I was shocked that he wanted to plead guilty to an offence that he did not commit and was willing to accept caning. I advised him to claim trial but he begged that he wanted to plead guilty. He said his accomplices also wanted to plead guilty. He told me that the investigating officer had threatened him with indefinite detention under the CLTPA if he did not plead guilty or dared to instruct a lawyer. He didn’t want to be detained indefinitely under the CLTPA.

When I persisted that he should claim trial, he finally told me that he had a 2-month-old baby and he wanted to be with his child and did not want to be imprisoned indefinitely. If he pleaded guilty, imprisonment would be for a fixed term. But under the CLTPA he would never be able to be with his child.

All persuasion to get him to claim trial failed. Finally, I told him that he should at least let me write a letter of representation to the attorney general, to reduce the charge in view of the facts of the case. And if the attorney general refused to amend the charge to something less than armed robbery, then he can discharge me and plead guilty himself. He reluctantly agreed.

I recall that a few days later, I read in the newspapers that the District Judge, Mr Michael Khoo had chided some lawyers for pleading guilty on behalf of their clients for armed robbery of a jewellery shop. Their clients’ plea of guilt was rejected and they were told that as lawyers, they should know that from the facts of the case, their clients were not guilty of armed robbery!

The fear of indefinite detention under the CLTPA is real. The threat of its use by a police officer is sufficient to instill fear in an accused person and cause him to plead guilty to an offence he did not commit. Can we be sure that the minister has never detained innocent people under the CLTPA? The detention of the late Subhas Anandan has proven how dangerous such a law is.

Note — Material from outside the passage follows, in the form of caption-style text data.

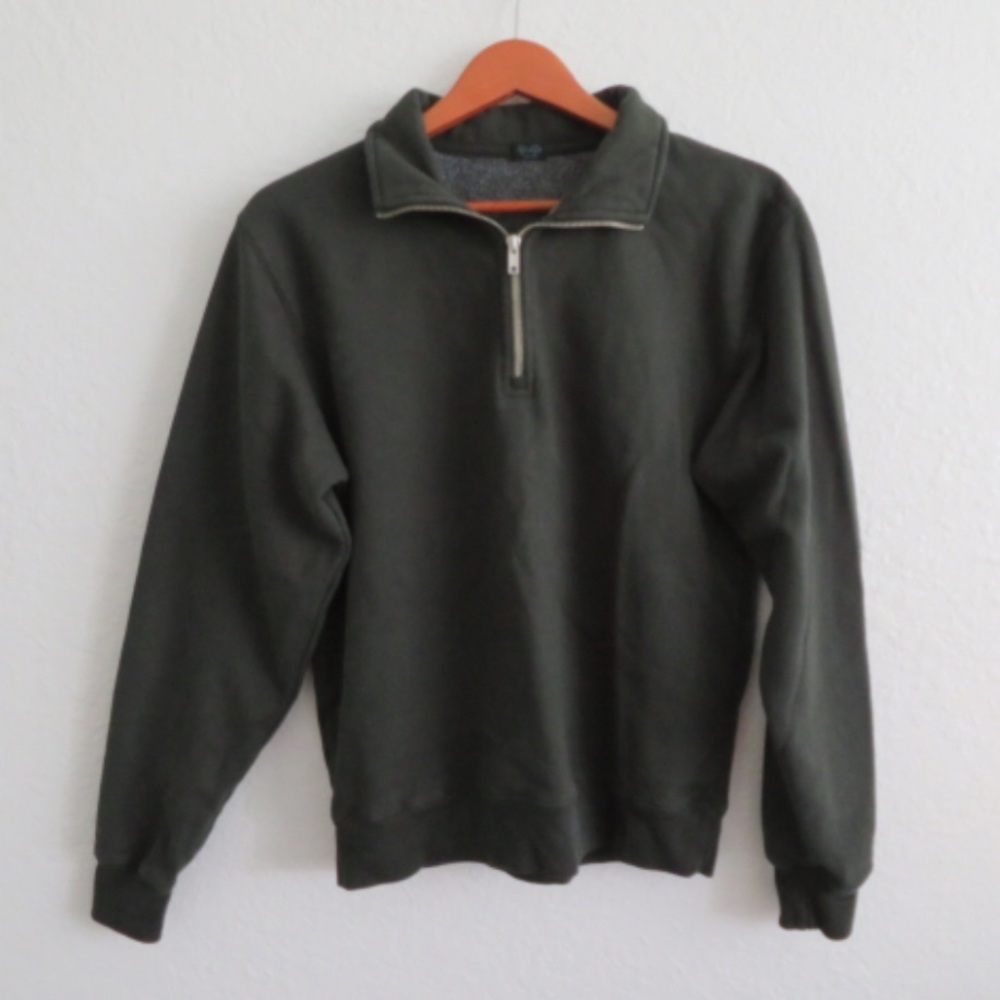 John Galt Forest Green Zip Up Sweatshirt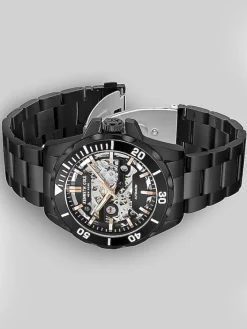 Watches-Kenneth Cole Automatic Watch Black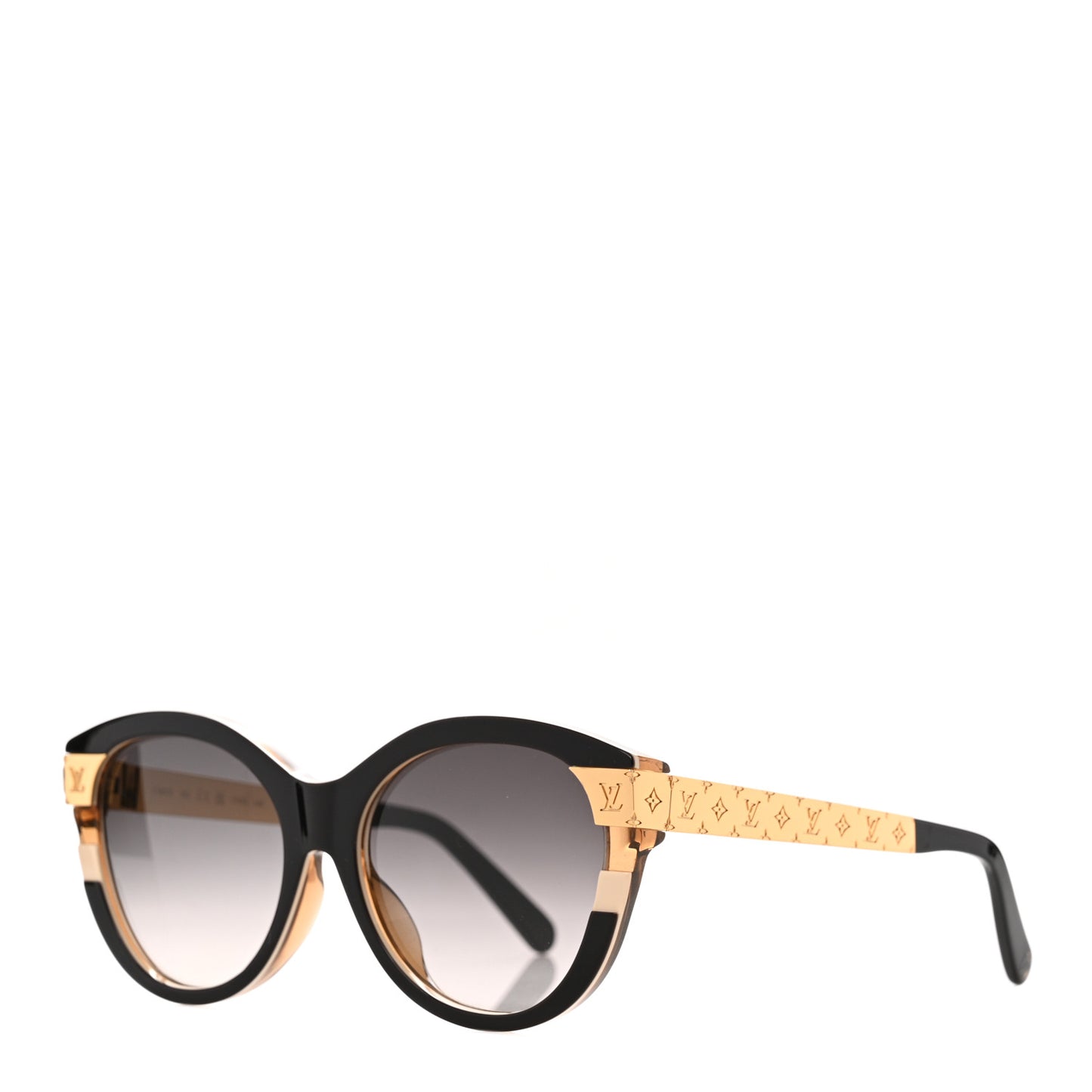 Acetate Petit Soupcon Cat Eye Sunglasses Z1857W Black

Under the law, the minister signs the detention order. He relies on the public prosecutor, who in turn receives information from police officers. In all likelihood, it will be a case of trust – the minister trusting the public prosecutor to do his work diligently and the public prosecutor trusting his police officers to be honest and conscientious in their work. If everyone in the chain is honest and conscientious, we may be safe. But the problem is that we are human and we cannot assume every person to be honest and conscientious. One wrongful detention is sufficient to shake our confidence in the law and damage the good name of the entire police force. We need independent oversight of the executive. The judiciary is best suited for this task.

The CLTPA like the ISA terrorises ordinary people. They know that under these laws, imprisonment is indefinite. I have acted for clients under the CLTPA and appeared before the advisory committee. I know the futility of appearing before such committees. Just before my first release from detention under the ISA, I was asked if I would like to be appointed as a member of an advisory committee. My response was “I don’t lend credibility to such a committee.”

Advisory committees will never be a substitute for the judiciary and a full and open trial. If we really believe in the rule of law, we should ensure that the executive never usurp the role of our judiciary. The power to decide guilt or innocence and the imposition of sentences belong to the judiciary. Detention without trial has no place in our country which claims to belong to the first world.